Former East Longmeadow, Massachusetts town employee Courtney Llewellyn was sentenced September 5 to one year of probation for her part in a scheme to generate fraudulent absentee ballots in a case that exposes how lax laws regarding absentee ballots make fraud relatively easy to accomplish and hard to detect.
Former East Longmeadow Selectman Enrico J. Villamaino III previously pleaded guilty to 11 charges and was sentenced to one year in the Hampden County Correctional Center plus one year of probation and 200 hours of community service. Villamaino’s time in the correctional center was reduced to four months with the remainder of the one-year sentence suspended.
The guilty pleas by Villamaino and Llewellyn relate to a scheme to generate absentee ballot votes for Villamaino in the 2012 Republican primary, where he was seeking the nomination for state representative. Villamaino lost to Marie Angelides.

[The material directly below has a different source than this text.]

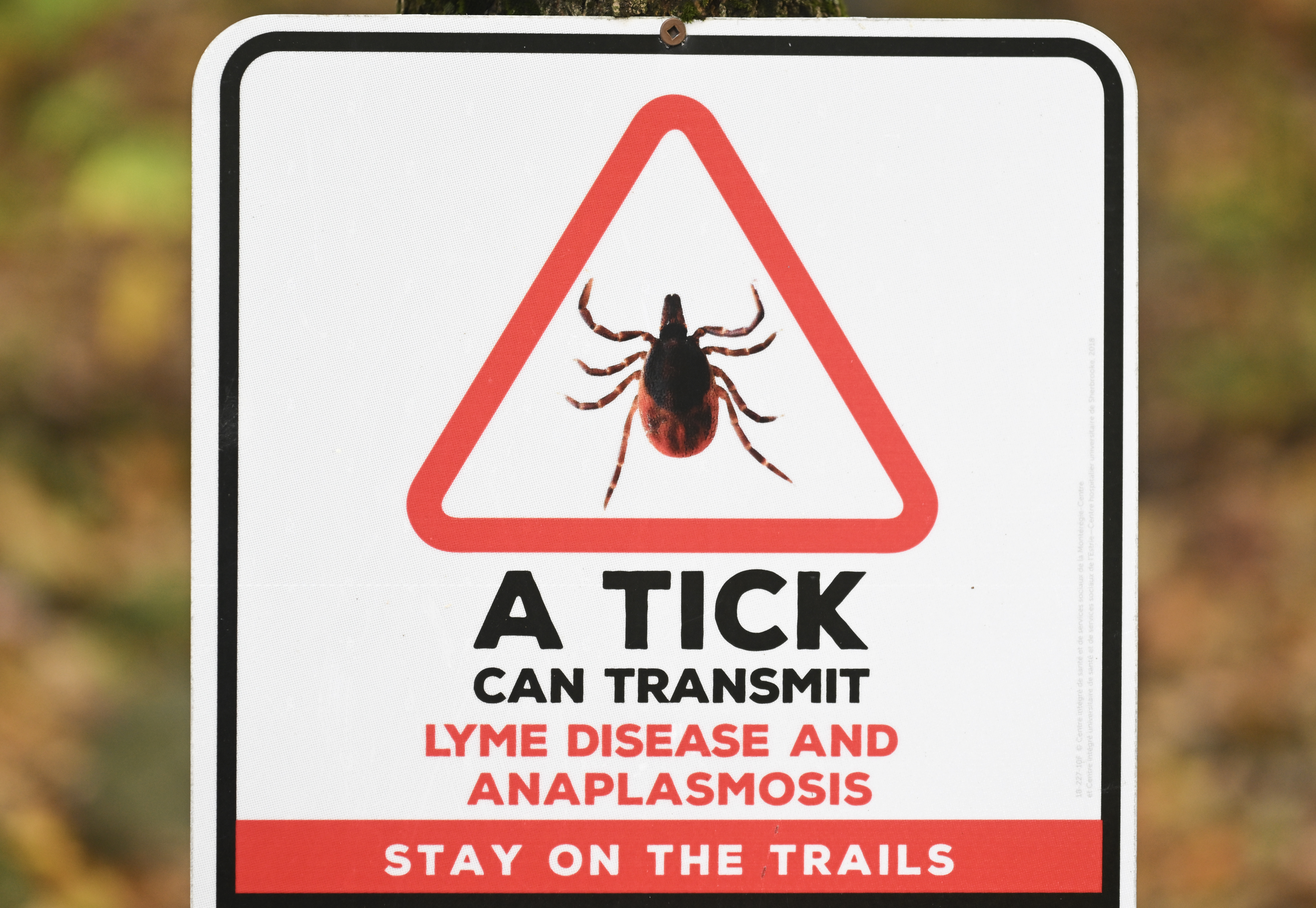 Lyme disease patients say care gaps persist in Canada, call for change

According to masslive.com, Hampden County prosecutor Mark Mastroianni described this crime as an “extraordinarily serious offense” when addressing Hampden Superior Court Judge Mary Lou Rup during the sentencing phase for Villamaino.
A witness told The New American:
Villamaino used his influence as a selectman to get Llewellyn hired by the town clerk’s office where she would have access to the voter registration database.

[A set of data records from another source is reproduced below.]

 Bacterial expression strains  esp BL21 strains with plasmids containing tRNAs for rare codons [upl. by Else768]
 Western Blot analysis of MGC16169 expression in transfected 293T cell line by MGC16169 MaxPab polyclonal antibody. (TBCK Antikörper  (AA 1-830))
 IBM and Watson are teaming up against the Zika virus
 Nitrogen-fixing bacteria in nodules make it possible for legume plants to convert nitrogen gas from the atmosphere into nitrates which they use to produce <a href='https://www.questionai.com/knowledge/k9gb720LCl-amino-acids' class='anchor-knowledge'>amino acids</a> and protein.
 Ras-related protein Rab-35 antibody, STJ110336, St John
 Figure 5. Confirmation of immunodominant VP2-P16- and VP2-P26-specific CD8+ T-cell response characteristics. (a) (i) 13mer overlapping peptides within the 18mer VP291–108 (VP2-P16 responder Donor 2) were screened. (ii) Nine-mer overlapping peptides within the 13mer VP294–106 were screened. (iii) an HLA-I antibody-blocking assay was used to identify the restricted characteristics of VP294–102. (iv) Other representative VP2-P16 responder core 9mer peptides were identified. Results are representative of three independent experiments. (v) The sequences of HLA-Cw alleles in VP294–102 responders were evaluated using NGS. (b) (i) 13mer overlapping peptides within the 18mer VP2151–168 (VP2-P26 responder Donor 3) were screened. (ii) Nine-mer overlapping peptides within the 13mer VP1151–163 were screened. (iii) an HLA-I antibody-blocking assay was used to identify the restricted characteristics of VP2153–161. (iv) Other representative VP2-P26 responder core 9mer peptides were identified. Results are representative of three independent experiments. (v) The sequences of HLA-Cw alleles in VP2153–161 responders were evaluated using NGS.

Party affiliations of 285 registered Democrat voters were changed to unenrolled (independent of any party). That made these voters eligible to vote in either the Democrat or Republican Primary.
Republican absentee primary ballots were requested for these 285 voters.
The 285 absentee ballot requests were received and processed on the same day. Villamaino and Llewellyn volunteered to take the 285 absentee ballots to the local post office to be mailed, but the witness believes the ballots were never mailed.
Quick Action Prevents the Fraud From Succeeding
When the above-average number of absentee ballot requests aroused suspicion, the East Longmeadow town clerk’s office acted quickly, contacting the 285 voters in question to determine if they had requested absentee ballots and to properly process the requests for those who did and undo the absentee ballot requests for those who didn’t.